Its like everything else, the more you do it the better you get. Most guys and gals that fish a lot, and launch a lot, realize the launch ramp can get pretty hectic so they have their process all worked out. The first time I launched at Big Johns on Livingston, back in 1971-72, I left the rear strap on, boat would not come off no matter what I did. A fella waiting pointed out the strap. So, drag it up the ramp a few feet, take the strap off, back it in, launch it, and move it. Momma drove the truck out. Yep, I also forgot to put the bottom plug in. But, the second time I had myself a checklist. Now, after maybe 500 launchs I dont waste a lot of time for myself or anyone else.

So, I dont get all worked up about some fella that lacks experience and do what is needed to help them clear the ramp. The overwhelming majority of folks that fish, not the jet ski crowd, are really good people and they will accept all the help they can get and will return the favor.


----------



## crappieman (Dec 12, 2011)

There was a time not too long back when the nicest people you ever would meet were fishermen but that time has since past. Now we are over run with inconsiderate people only thinking of themselves only. People are just not the same anymore for the most part. It's good to know there are still a few left that know better and care. Don't get me started on idiots running full throttle less than 50 ft from you, people making the largest possible wake next to the bridge and other fishermen and think it's cool!!! <grrrrrr>. I look at those morans and think they are putting out a message to us like "LOOK AT ME I'M AN IDIOT!!!!"


----------



## Gofish2day (May 9, 2006)

When I first moved here 6 yrs ago and finally bought a boat 2 yrs later, I fished galveston bay mostly. I had never seen so may rude people in my life. I started reading 2cool about then and met many people here who fish Conroe and Livingston. I have to say the nicest bunch of fisherman-woman anyone could ever meet. I have had no problems on the water or at the launch. Some people get a little close but they don't plow past. I am from SE Louisiana and don't consider myself to be a average weekend fisherman. OK saltwater, but that was Louisiana. Trying to learn the freshwater fishing.

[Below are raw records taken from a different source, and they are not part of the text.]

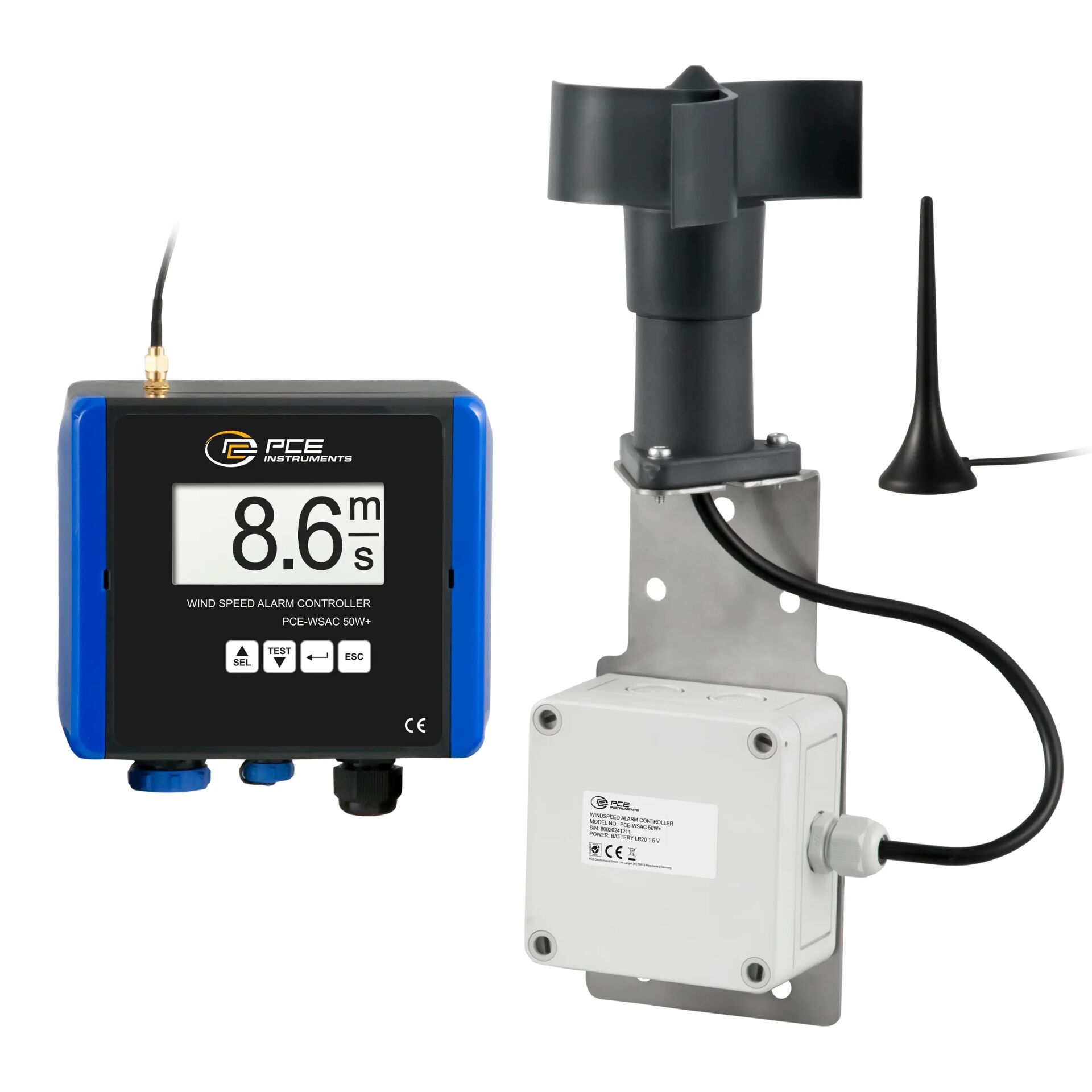 PCE Hava Hızı Alarm Kontrol Cihazı / Rüzgar Hızı Ölçüm İstasyonu / Anemometre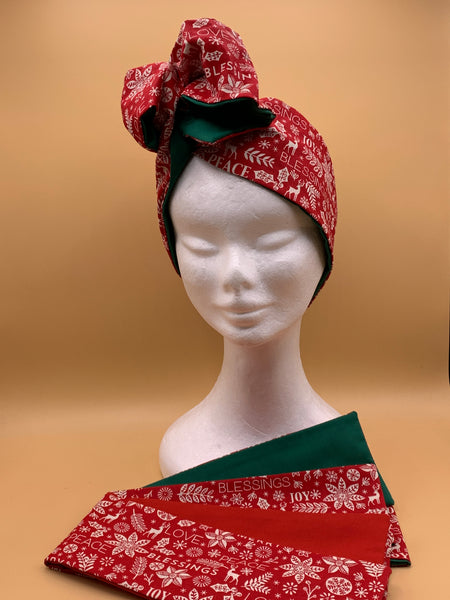 Scandi Christmas Blessings - wired reversible headband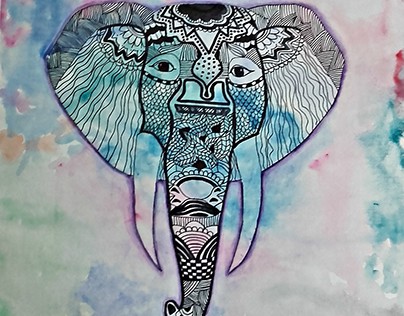Elephant on watercolor background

The only boat launch problem I have had is someone steal 2 tackle boxes in (1) year at April Sound on Conroe but that's another story

I will save Loy the pain of hearing that story over again - and again!


----------



## Danny O (Apr 14, 2010)

Don't have to launch much now that our boat is in the lift, but I've had my share of boat ramp blunders and probably provided entertainment for some!


----------



## 9121SS (Jun 28, 2009)

95% of the time I fish alone. Like was said, I do everything off to the side before I get in line to launch. I still feel like I'm taking to long but I guess because I'm alone people realize it's going to take a little longer. Nothing has ever been said to me but I get it done as fast as I can.


----------



## Lonestar Proud (Oct 26, 2010)

9121SS said:


> 95% of the time I fish alone. Like was said, I do everything off to the side before I get in line to launch. I still feel like I'm taking to long but I guess because I'm alone people realize it's going to take a little longer. Nothing has ever been said to me but I get it done as fast as I can.


I also fish by myself a lot. When it's real busy I ask someone behind me in line to pull my truck/trailer out for me. If no one wants to help out then I guess their gonna have to wait on me for a couple of minutes. I have a 25-30' rope that I hook to the front eye and hook it to the trailer and let the boat float off, then grab the rope and pull it over to the dock or beach it then move the truck. You can only do so much my yourself...


----------



## 9121SS (Jun 28, 2009)

Lonestar Proud said:


> I also fish by myself a lot. When it's real busy I ask someone behind me in line to pull my truck/trailer out for me. If no one wants to help out then I guess their gonna have to wait on me for a couple of minutes. I have a 25-30' rope that I hook to the front eye and hook it to the trailer and let the boat float off, then grab the rope and pull it over to the dock or beach it then move the truck. You can only do so much my yourself...


LOL! That's what I do with a rope. Have never thought about asking someone to pull my truck out for me.


----------



## chucktx (Sep 12, 2011)

asking a stranger to pull the truck out could cause you to have to walk home........just sayin.....


----------



## Lonestar Proud (Oct 26, 2010)

chucktx said:


> asking a stranger to pull the truck out could cause you to have to walk home........just sayin.....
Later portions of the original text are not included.